Tidbit: among the engineers who assisted the Americans during the Moscow sessions was the daughter of master film director Sergei Eisenstein.

Then there was the best-selling 1812 Overture disc with its West Point artillery and jaw-dropping sonics, and the ambitious two-disc Civil War series that combined period music with recreations of the sound of famous battles. A curiosity perhaps, but worthwhile.

In the final analysis it's all about the music, and that's what the label was all about. Mercury Living Presence afficionados know that Minneapolis had itself one hell of an orchestra in the 1950s and 60s. (It still does.) Maybe Chicago, New York, Philadelphia, Boston, and Cleveland were getting all the industry attention, but Minneapolis had the goods and then some. Even the tinder-dry acoustics of Northrop Auditorium couldn't lessen the impact of the orchestra's sizzling virtuosity. Their Sacre du printemps ranks amongst the greatest of them all, with longtime maestro Antál Dorati in tip-top form; their Dvořák Slavonic Dances out-does Szell/Cleveland in the sheer exuberance category, while avoiding that latter recording's unfortunate lean towards the martial. Paul Paray's Detroiters weren't quite in the same league, but what they lacked in niceties of execution they more than counterbalanced with gorgeous tone and Paray's sterling musicianship. It says a great deal about America's regional orchestras that Minneapolis, Detroit, and even Rochester were fielding bands that held their own easily with Mercury's sole big-name group, the London Symphony Orchestra. And Minneapolis ate London's lunch.

The Mercuries are all available in superb digital remasterings that preserve the manifold virtues of a peerless crew of engineers, and the LPs are also out there, both as originals and in some cases high-quality new pressings from SpeakersCorner. Certain albums have become sought-after collector's items and command a stiff price from dealers. Others can be had for a modest price and require little more than a thorough cleaning to spring back to life. Without question they're worth exploring, not just for their impeccable audiophile credentials, but also for the sparkling window that Mercury opened onto the regional American music scene of the 1950s and 60s.

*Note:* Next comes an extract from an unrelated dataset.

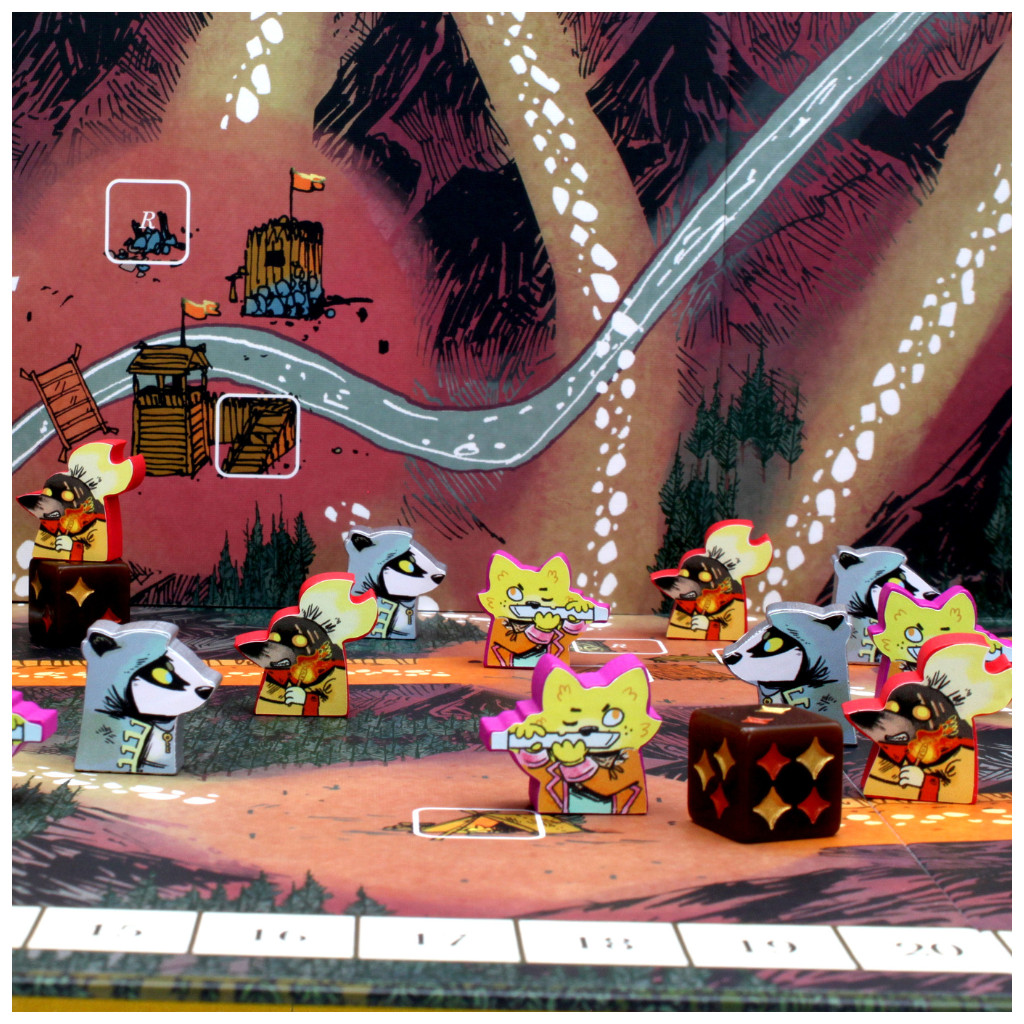 Root Nomades Maraude - Set d'autocollants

At the risk of sounding like an advertising hack: A stellar set of 51 representative CDs in a boxed set is a current must-buy item for anyone interested in fine recordings. Original jacket art, an excellent historical booklet, and flawless remasterings combine to illustrate the achievements of a well-loved name in audio history. Fortunately, since Mercury is now under the Universal Music banner, full-res downloads are also available from both the Deutsche Grammophon and Decca online sites. So come on, now…aren't you just the least little bit curious to hear Balalaika Favorites? It's the quirky hipster party disc par excellence, after all, and it's a hell of a lot better recorded than most of today's over-compressed and twiddled fare.